Restons toujours comme ça, ai-je l’impression de l’entendre dire.

— Tu es lourd, se plaint-il.

— On dirait que ça t’étonne.

Il éclate de rire. Je passe trop de temps à grignoter. Cinq kilos dans un mètre quatre-vingt-quinze ça se ressent. Il me soulève avec peine. Je l’aide.

J’aurais voulu qu’il grandisse plus. Comme ça, nous aurions été de la même taille pour nous regarder droit dans les yeux.

Il m’embrasse, les doigts caressant mes flancs, son ventre se frottant au mien.

J’ai du mal à saisir ce qu’il lui arrive depuis quelques semaines. Un coup il est prêt à me dévorer pour m’enfoncer au plus loin dans son corps. Un coup, il est distant comme s’il souffrait d’être avec moi. Il me cache quelque chose, mais je n’arrive pas à lui demander quoi. J’ai une peur panique de la réponse, la sensation qu’elle me l’enlèvera à jamais, et ça, c’est inconcevable. Je ne veux pas croire au cap des sept ans. Je veux être avec lui jusqu’au bout. J’ai cru comprendre que lui aussi, jusqu’à ce soir-là où il est rentré maussade et qu’il m’a ignoré, envoyant valser les lèvres que je lui tendais. J’ai pensé que son roman était le problème, qu’il avait peut-être du mal avec une scène, mais à le voir écrire avec une facilité déconcertante, m’a vite fait déchanter. Ce n’est donc pas l’écriture qui motive cette impression. À le voir agir comme il le fait, j’ai la certitude qu’il est dans un conflit intérieur plutôt violent. D’habite, il me parle, ici, il ne dit rien. Je sais que ça à avoir avec moi. Ce regard triste qu’il a parfois quand il le pose sur moi ne me dit rien qui aille et ça me terrifie. J’essaie de me convaincre que tout ira bien parce que c’est lui. Mais je ne peux pas m’empêcher de penser à Cathy, à me dire que si elle n’était pas partie, est-ce que Marc m’aurait remarqué ?

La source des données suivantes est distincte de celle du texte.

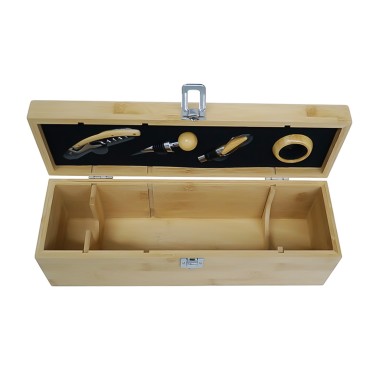 Caixa Madeira + Acess�rios Vinho 4 Pe�as 36X11X12.5cm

Je sais qu’il est celui que j’attendais. Depuis sept ans, je ne me suis plus jamais transformé en merle. Ça veut dire ce que ça veut dire. À moins que ce soit simplement moi qui suis « véritablement » amoureux de lui et…

Non ! Papy m’a bien fait comprendre que l’amour devait venir des deux parties pour rompre la malédiction. Ne comprendrai-je jamais ce que je suis ou ce que je ressens ? J’aime Marc, comme je n’ai jamais aimé une autre personne.

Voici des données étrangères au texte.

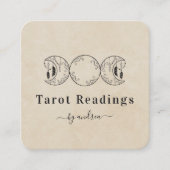 Boho Triple Moon Beige Sand Celestial Tarot Reader Vierkante Visitekaartje (Voorkant)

Son baiser a encore cette sauvagerie qui me désarme chaque fois. Pourquoi cette impression qu’il est en manque de moi ? C’est comme si on s’embrassait pour la dernière fois, comme si on n’allait pas se voir pendant des lustres. Cette faim de moi, je la comprends, parce que je suis aussi affamé de lui, mais différemment. Le regarder m’ouvre parfois le cœur en deux sans que j’en saisisse la cause. Je ne comprends pas ce sentiment : il est si près de moi et pourtant je l’imagine à des années-lumière d’entre mes doigts. Ce que j’aimerais entrer dans sa tête et enfin qu’il me dévoile tout ce qu’il est. C’est ce manque de connaissance qui me fait douter… Ce mur que représentent nos corps. Je voudrais pouvoir me connecter directement à son cerveau.

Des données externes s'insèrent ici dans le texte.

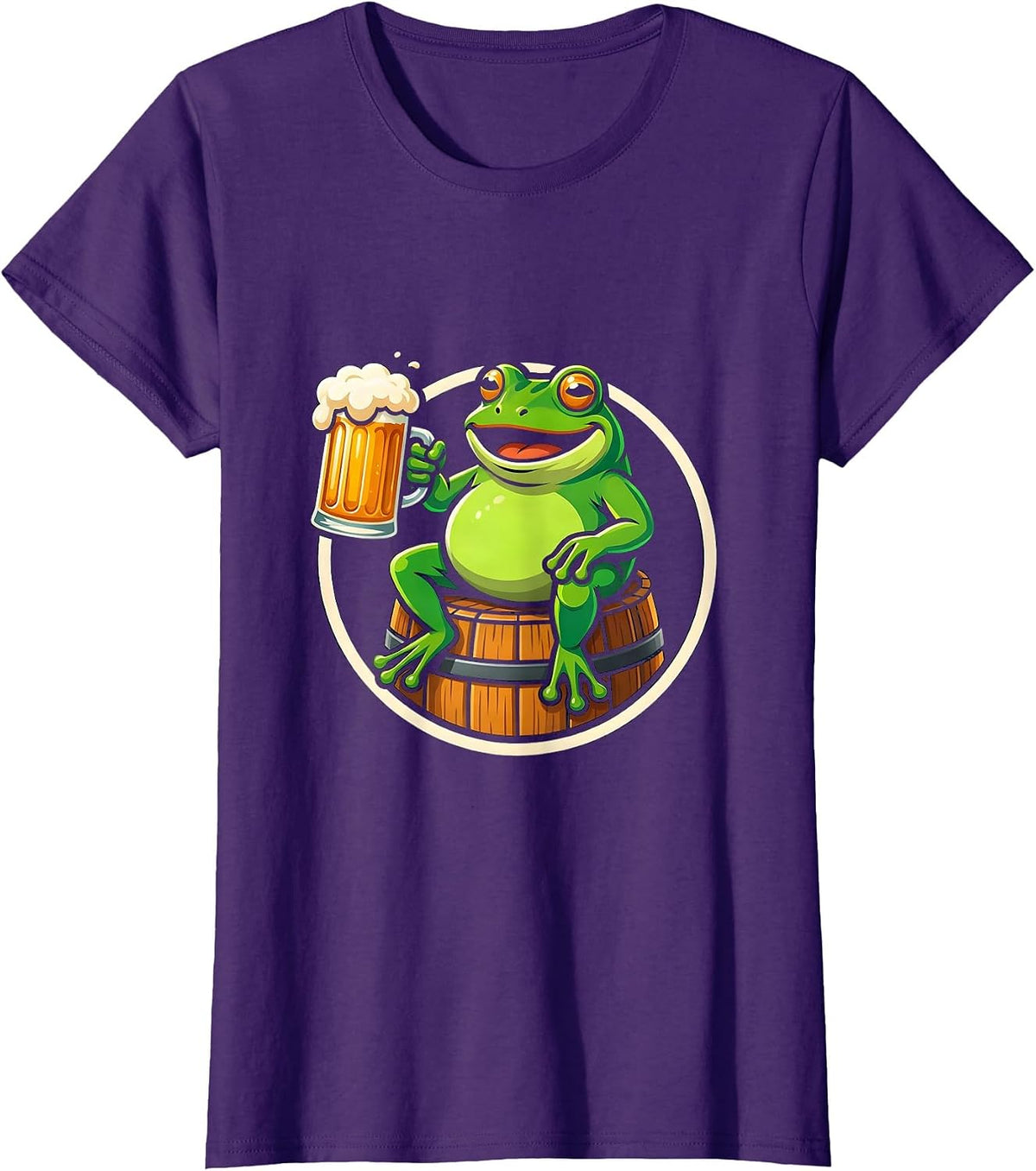 Women's Frog on a Barrel Beer Drinking Illustration T-Shirt - Purple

J’attrape ses hanches, les colle aux miennes. J’adore sentir son sexe presser contre le mien. Il n’y a pas de réel mot pour qualifier l’état de mon cœur à ce moment précis où nous nous frottons. Ce sont des ondulations à ne plus savoir quoi en faire, des mouvements qui éveillent les sens et ce frétillement à l’intérieur de mon ventre. Il enroule une jambe autour de la mienne, ses mains cherchent à graver leur forme sur ma peau. Cette force avec laquelle il me retient me rend fragile. Je redeviens l’adolescent qui avait un penchant pour ce pote un peu trop beau. Marc n’en finirait pas de me séduire.

Il me pousse contre l’étagère. Son balancement m’invite à pivoter contre le mur. Ça serait con de se la prendre dans le trognon alors qu’on s’apprête à faire « la chose » ou un dérivé : une danse érotique.

Notre baiser dure comme nos caresses, fortes et déchirantes. Aucun de nos vêtements ne tombe au sol, c’est encore plus vibrant de le faire comme ça : sans rien enlever. Pas besoin de pénétrer quand on s’est se toucher.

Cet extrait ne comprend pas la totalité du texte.